(Data provided)
---*---
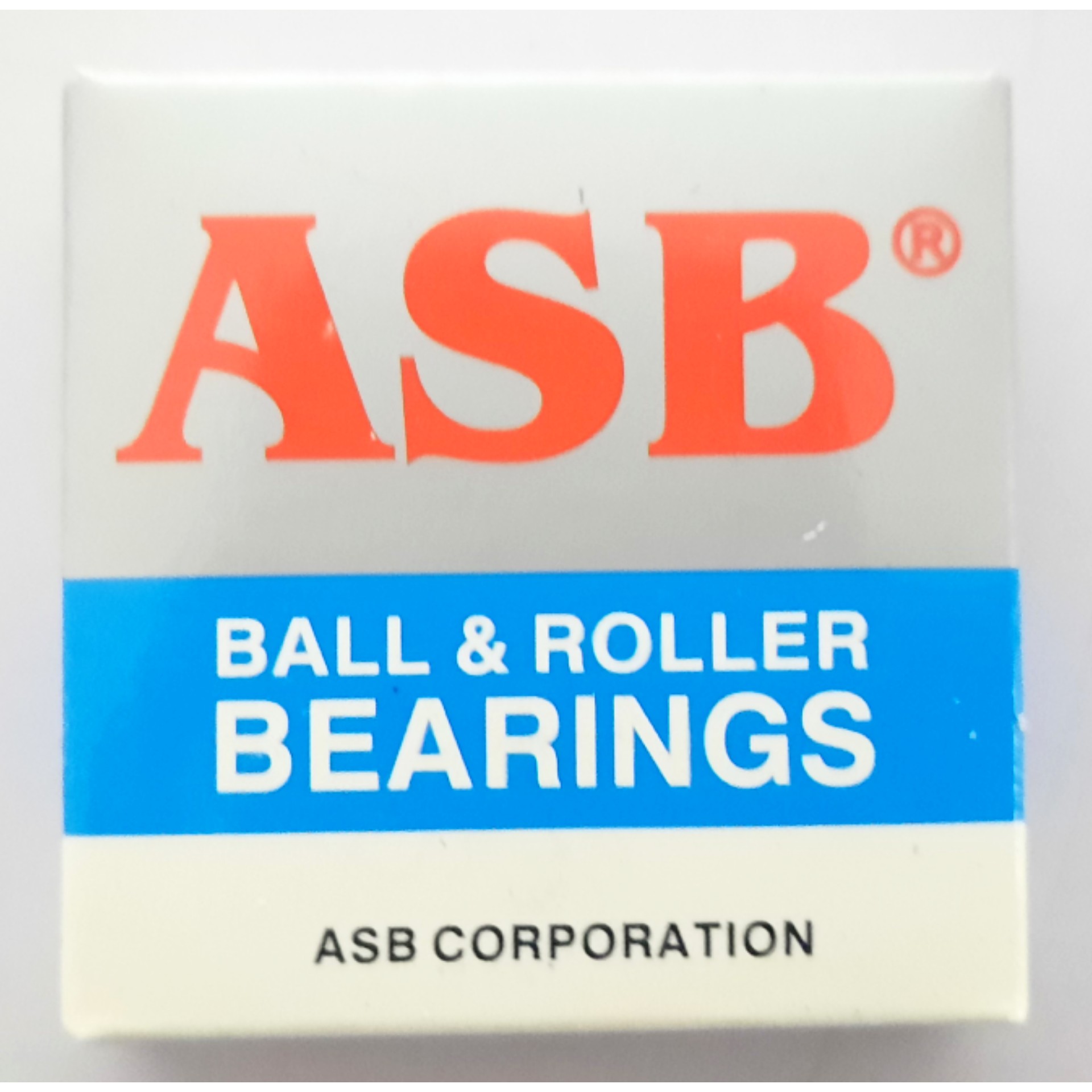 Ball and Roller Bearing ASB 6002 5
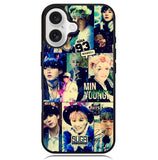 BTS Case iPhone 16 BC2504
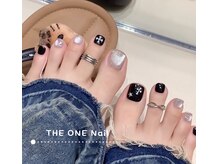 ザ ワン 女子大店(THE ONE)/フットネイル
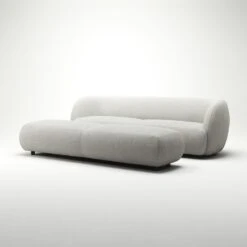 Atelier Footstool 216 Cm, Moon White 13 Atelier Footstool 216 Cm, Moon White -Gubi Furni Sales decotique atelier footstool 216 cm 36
---*---
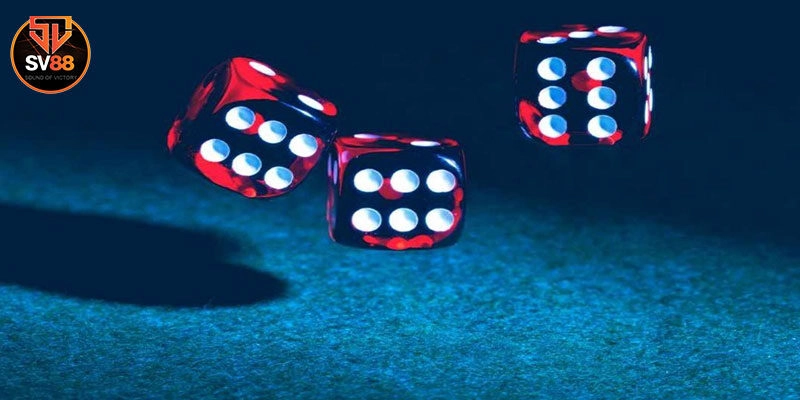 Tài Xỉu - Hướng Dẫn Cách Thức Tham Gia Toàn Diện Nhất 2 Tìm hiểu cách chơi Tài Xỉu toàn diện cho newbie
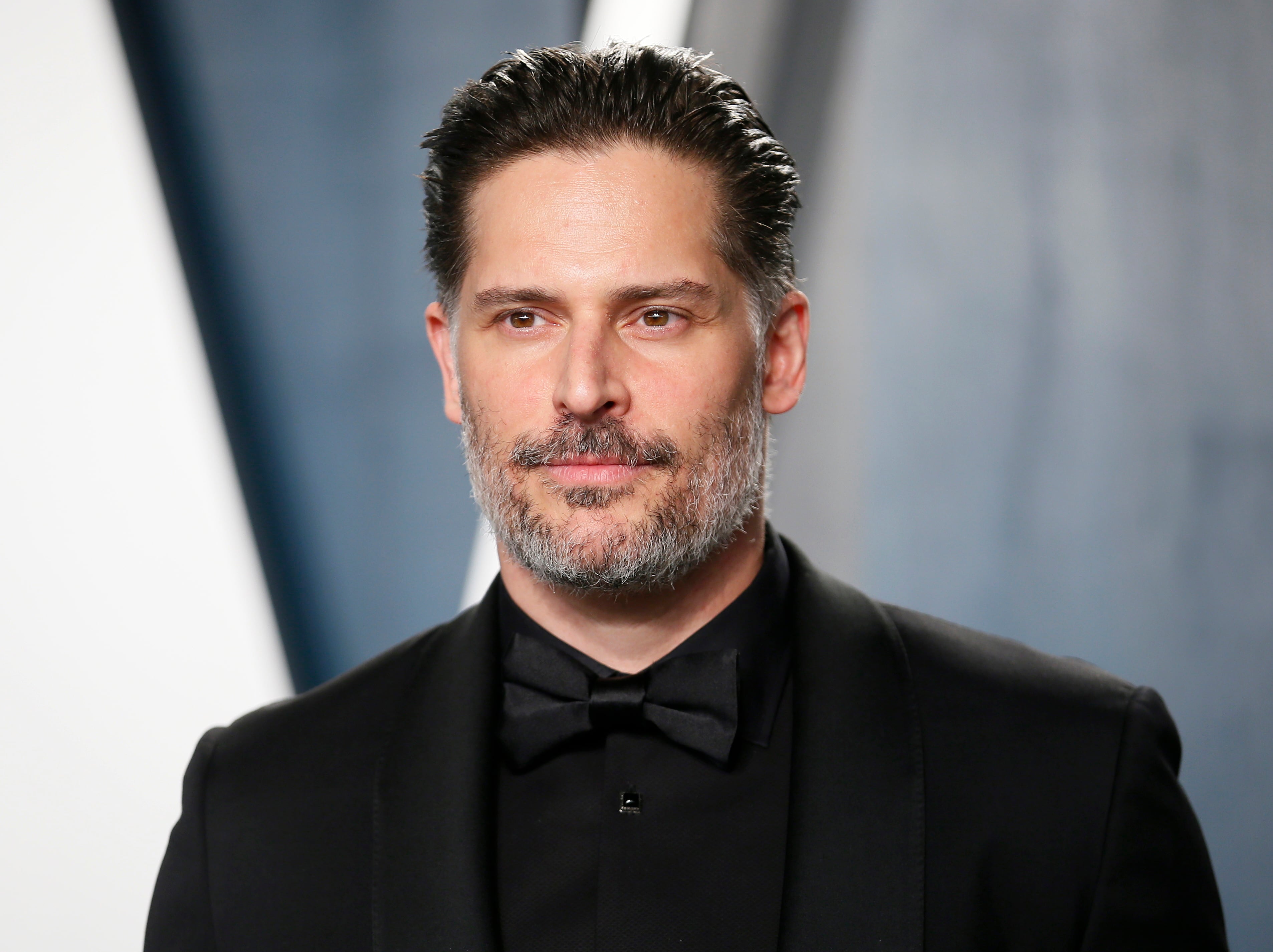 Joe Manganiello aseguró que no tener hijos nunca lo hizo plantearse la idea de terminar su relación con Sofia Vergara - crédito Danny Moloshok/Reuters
---*---
The expected output is the lines above from the one containing "Tài Xỉu - Hướng" to the one containing "Joe Manganiello aseguró", both ends included, reproduced exactly with every picture left out.

 Tài Xỉu - Hướng Dẫn Cách Thức Tham Gia Toàn Diện Nhất 2 Tìm hiểu cách chơi Tài Xỉu toàn diện cho newbie
 Joe Manganiello aseguró que no tener hijos nunca lo hizo plantearse la idea de terminar su relación con Sofia Vergara - crédito Danny Moloshok/Reuters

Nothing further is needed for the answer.